Problem requirements: Your answer should be the records again, unchanged in wording and free of images.
Segment Open
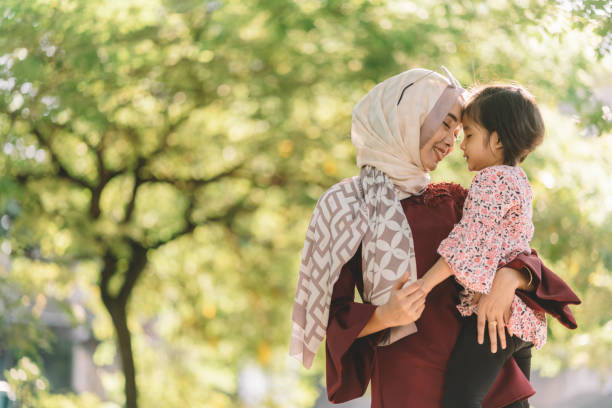 istock young asian malay mother carrying daughter 1217968429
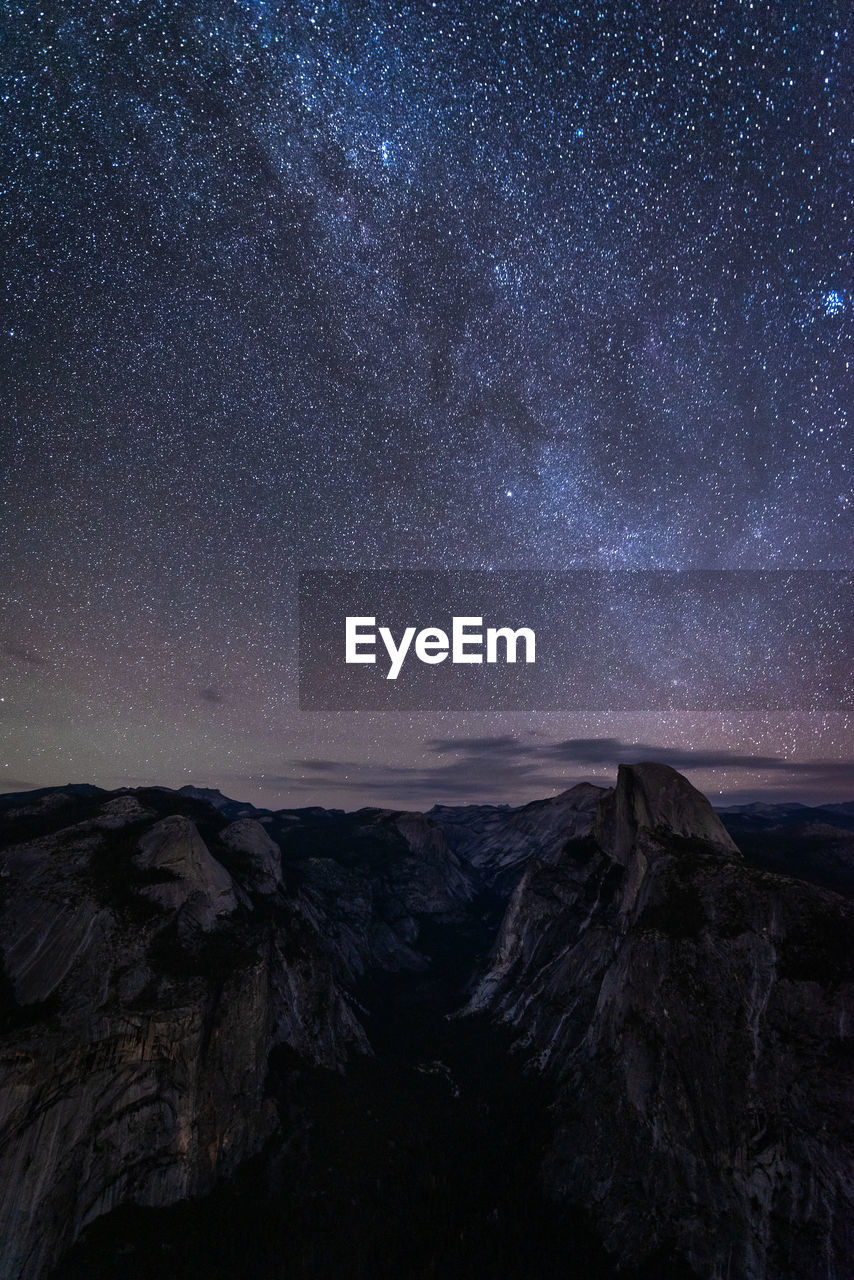 Scenic view of mountains against sky at night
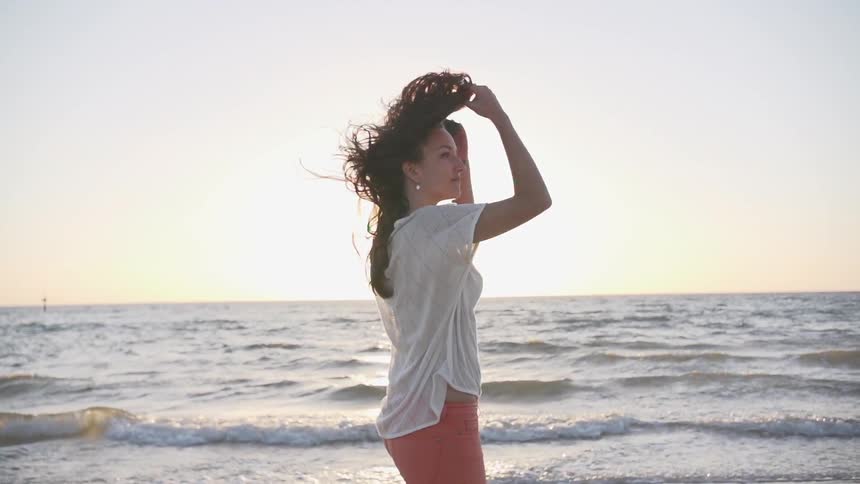 Woman walks on the beach at sunset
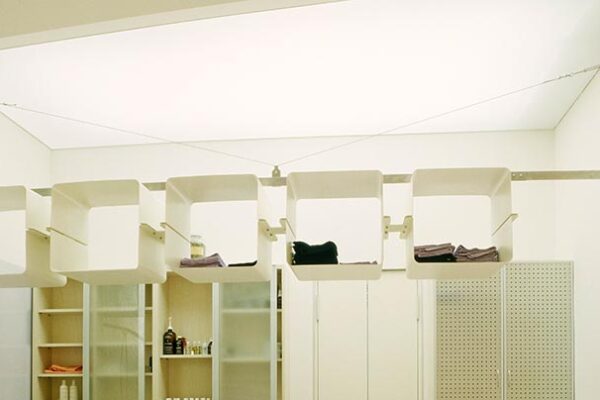 Furniture Design in Metal as Suspended Shelving Unit of Hair Salon in Verona, Italy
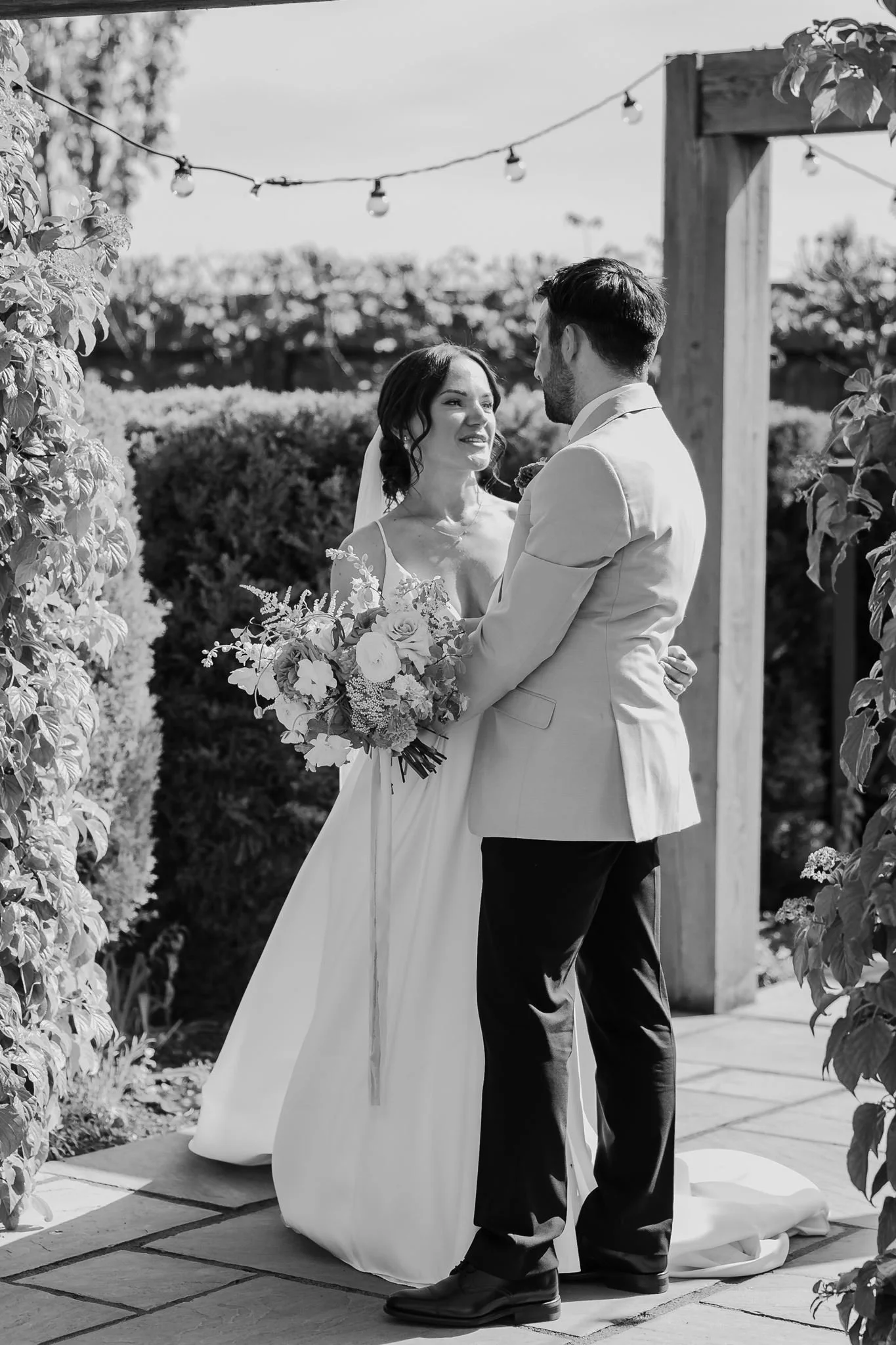 Rachel and Harry embracing beside the garden pergola, in black and white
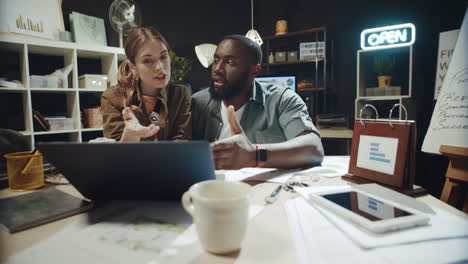 playful afro man and hipster girl talking about data on laptop screen in office.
Segment Closed
Reply:
 istock young asian malay mother carrying daughter 1217968429
 Scenic view of mountains against sky at night
 Woman walks on the beach at sunset
 Furniture Design in Metal as Suspended Shelving Unit of Hair Salon in Verona, Italy
 Rachel and Harry embracing beside the garden pergola, in black and white
 playful afro man and hipster girl talking about data on laptop screen in office.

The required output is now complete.